More about GPS: Test for Position

Those of you who have taken GPS measurements to characterize your GLOBE observation site know that the “elevation” on the GPS unit often varies a great deal. That’s one of the reasons the GPS protocol requires that you take five measurements instead of just one.

In tracking the rock layer (see last blog), we didn’t stay in one place very long, and we averaged two hurried measurements at each location. So why were we so successful in tracking the rock layer? To find out more about the accuracy of the GPS elevation, I did an experiment, which I will now describe.

We live on the top of a mesa, inside an oval formed by the street and sidewalks. One trip (circuit) around the oval on the sidewalk is about 500 meters. I picked a point at the west end of the oval (the Western Point), where there was an oil stain just large enough for me to put both feet on).
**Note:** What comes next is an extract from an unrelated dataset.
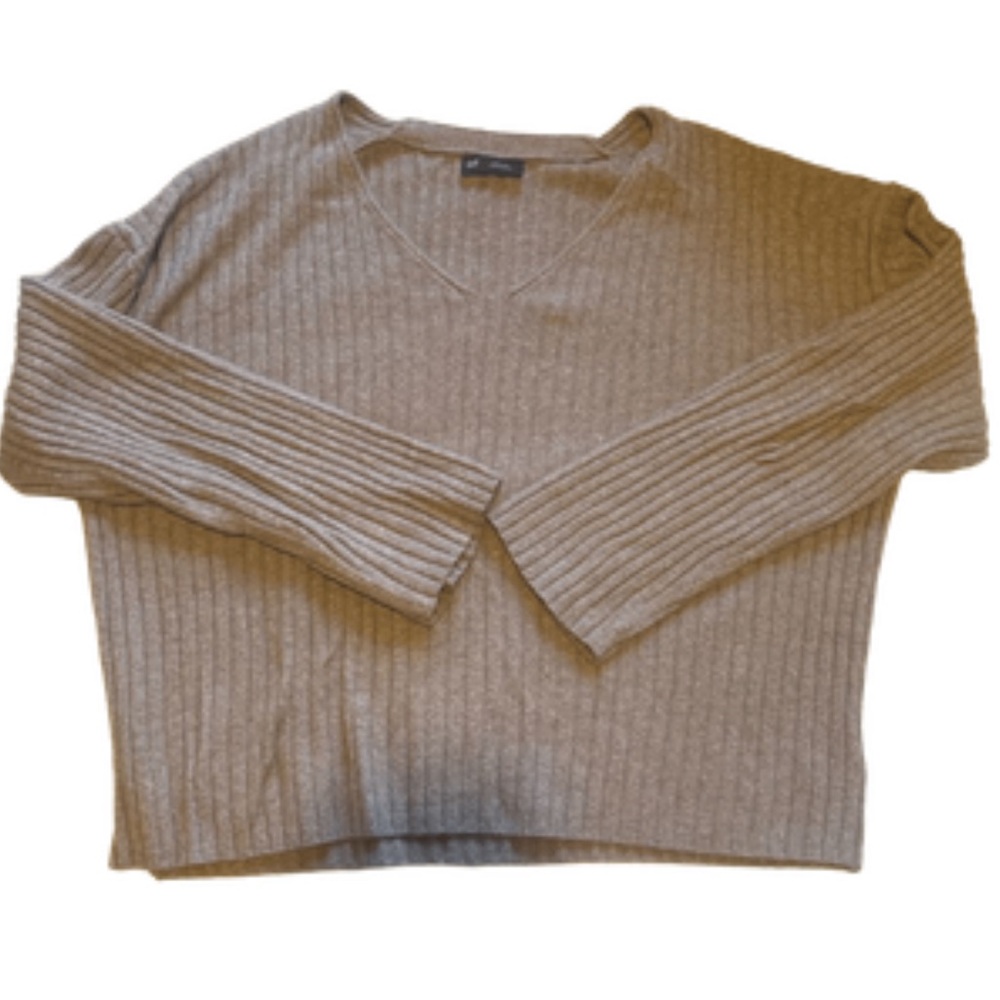 GAP V-Neck Ribbed Sweater - Tan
I picked a second point at the east end of the oval (the Eastern Point, where there was a distinctive set of cracks in the surface). Thus I could repeat measurements at exactly the same two points.

To do the rock layer observations, we walked and stopped only long enough to get the two GPS readings. So I decided I would do the same thing in the oval. The next three mornings, I got up early and walked around the oval six times. I stopped at the Eastern Point and the Western Point, just long enough to take two GPS readings of latitude, longitude, and elevation. On the third day, I took the same measurements in the afternoon. Two days after that, I stayed at the Eastern Point and took position measurements using the GLOBE protocol (except with six measurements instead of five, to have the same number as the other days). Then I went to the Western point to obtain six positions and elevations the same way.
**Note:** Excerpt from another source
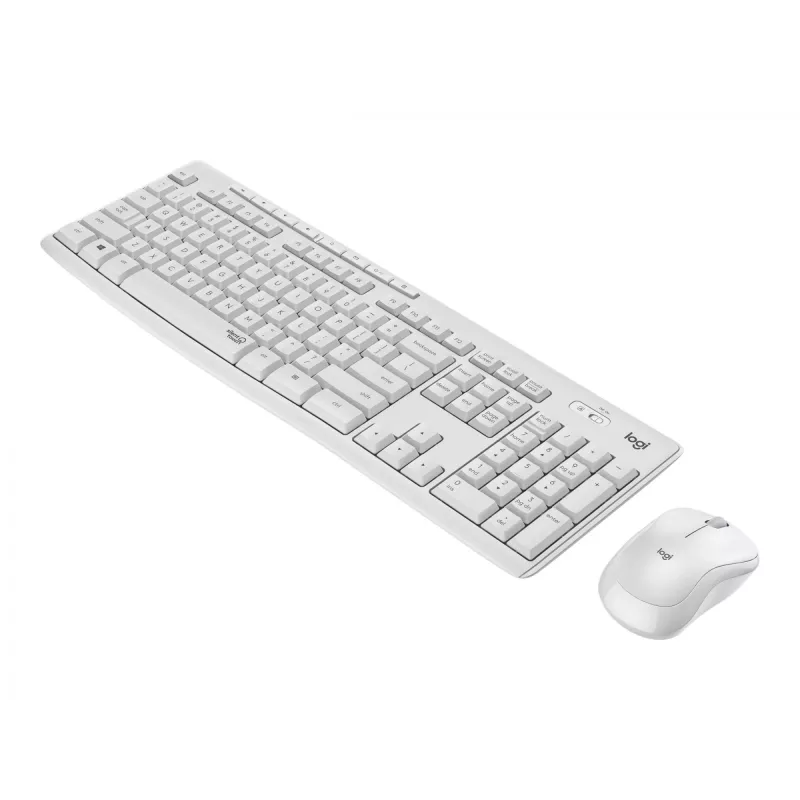 Logitech MK295 Silent - tastatūras un peles komplekts - bezvadu - 2,4 GHz - itāļu - pelēkbalts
How did I do with GPS position?

Figure 4. GPS positions for Eastern Point. On the left, each point is plotted relative to the average on that day. On the right side is plotted the daily average positions relative to the overall average position (+ sign).The green figures show how the positions varied at the Eastern Point. The figure on the left shows how the positions scattered relative to the mean latitude and longitude. We converted the numbers to meters. (One degree latitude equals about 111 kilometers; for longitude you have to reduce this number to allow for the longitude lines getting closer together toward the Poles. For those of you who know trigonometry, this is done by multiplying 111 by the cosine of the latitude. Thus at 40 degrees North, one degree longitude is about 85 kilometers).
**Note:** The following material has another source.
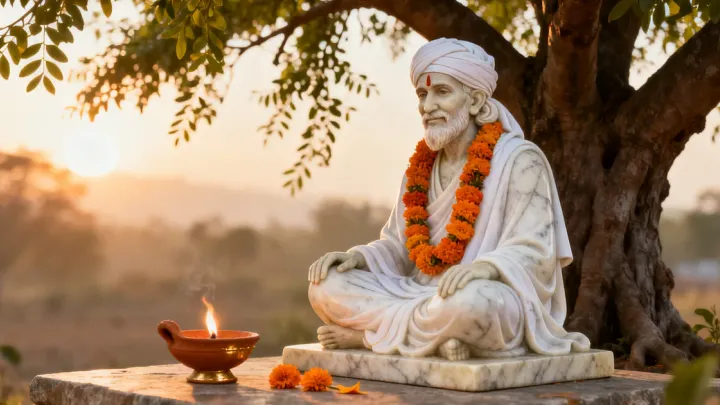 A white marble murti of Sai Baba of Shirdi seated under a neem tree at sunrise, with a marigold garland and a lit clay lamp beside it.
Notice that the positions on the last two days (white and yellow) changed by over 10 meters if you use only one point to define your position.

The second figure shows the average for each day at the Eastern Point. the “+” marks the average position for all the days. Three points — for two of the “morning” circuits (black triangles) and for the GLOBE averages (white triangle, upside down so that you can see the black triangle underneath), were close to the average position. The farthest point from the average is only about 3 meters away. This is about as good as I think I can do with my GPS unit.